1. 安装
按照官方文档的安装指南,一步步走就行了。我安装在windows下
http://scrapy-chs.readthedocs.org/zh_CN/latest/intro/install.html#windows
2. 初探
还是官方文档,继续
http://scrapy-chs.readthedocs.org/zh_CN/latest/intro/tutorial.html
但是在运行爬虫程序的时候报错了,如下:
E:\Python Workspace\tutorial>scrapy crawl dmoz
:0: UserWarning: You do not have a working installation of the service_identity
module: 'No module named service_identity'. Please install it from <https://pyp
i.python.org/pypi/service_identity> and make sure all of its dependencies are sa
tisfied. Without the service_identity module and a recent enough pyOpenSSL to s
upport it, Twisted can perform only rudimentary TLS client hostname verification
. Many valid certificate/hostname mappings may be rejected.

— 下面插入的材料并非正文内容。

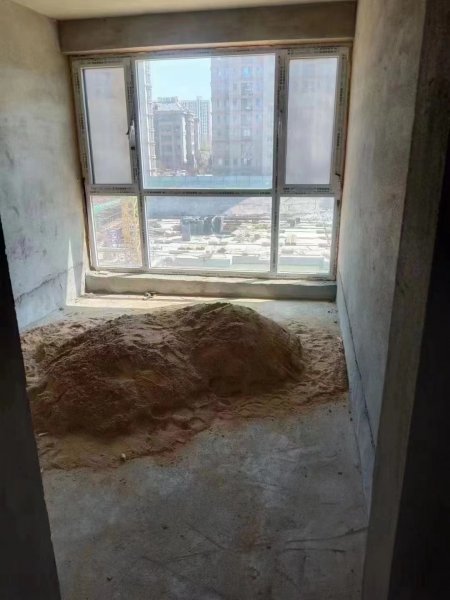 丽景华庭电梯1楼101平，框架毛坯，价格便宜。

2015-05-28 11:23:20+0800 [scrapy] INFO: Scrapy 0.24.6 started (bot: tutorial)
根据提示,去下载和安装service_identity
,地址为:https://pypi.python.org/pypi/service_identity#downloads,下载whl文件
使用pip安装:pip install service_identity-14.0.0-py2.py3-none-any.whl
再次运行,继续报错:
raise ImportError("Error loading object '%s': %s" % (path, e))
ImportError: Error loading object 'scrapy.core.downloader.handlers.s3.S3Download
Handler': DLL load failed: 找不到指定的模块。
需要安装pywin32,这里有个问题,在官网下载的安装时会报错,我使用了另一个之前下载的,版本号、大小完全一样,但安装没问题。